A Patient’s Story – Extra Support Service: Miss B

Miss B patient is a 23 year old single mother of a 6 month old baby. She has problems with acid reflux causing vomiting, which means she ends up in A&E quite a lot. She feels this is brought on by stress and anxiety. Due to problems with local housing, she had been reluctantly moved from Lewisham to temporary accommodation in East London. She feels this is the big cause of her stress as she has no family support in that part of London and says her current accommodation is unsuitable for a mother and young baby.

Intervention
The Extended Support Service – ESS – nurse contacted Miss B and learned the underlying reasons for her frequent attendances to A&E. The nurse provided her with an emergency contact number for the ESS nurses so that in a crisis she could contact them, rather than attending A&E inappropriately.

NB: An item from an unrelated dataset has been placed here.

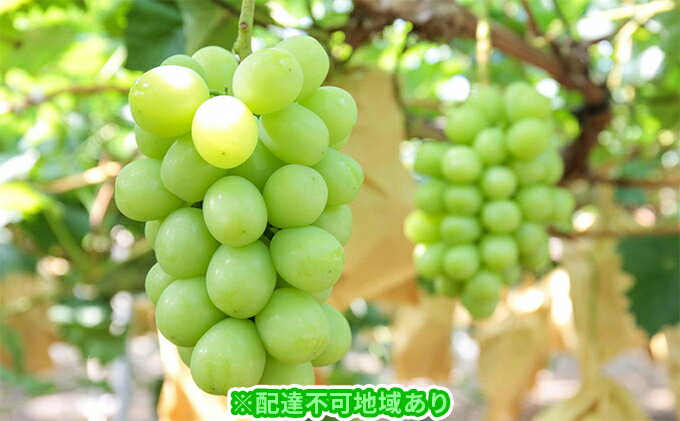 【ふるさと納税】ぶどう 2026年 先行予約 モリ旬 シャイン マスカット 晴王 約700g×1房 ブドウ 葡萄 岡山県産 国産 フルーツ 果物 ギフト 果物類 シャインマスカット 　お届け：2026年9月中旬～2026年10月下旬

Her case was subsequently discussed at the ESS Multi-Disciplinary Team with other professionals, including the Fulfi lling Lives Team who, after the ESS nurse explained the patient’s situation, were able to liaise with the housing team on behalf of the patient to try and get her and her young baby moved to more suitable local accommodation.
Miss B moved back into Lewisham into a hostel following the actions made by the MDT and her situation has improved markedly.

Outcome
The ESS nurse’s intervention has ensured that Miss B has:
• Addressed the underlying issues leading to improved healthcare and better health outcomes
for her and her baby;
• Reduced the stress she was under making her and her baby happier and more independent;
• Been able to re-establish contact with her circle of support meaning she is less socially isolated.

Resource impact
Miss B felt greatly helped by the ESS service as the move to local accommodation improved her mental state, and, by enabling her to reconnect with her support network, the life of her young baby. An intervention such as this has helped prevent this patient developing post-natal depression which is common in single mothers, especially those lacking support.

Miss B says about the ESS service:
“Thank you, the housing got back to me and I have now been moved to a hostel in Lewisham which is a lot better because I have support here. Thank you”
Miss B’s A&E attendances and interaction with primary care are significantly reduced.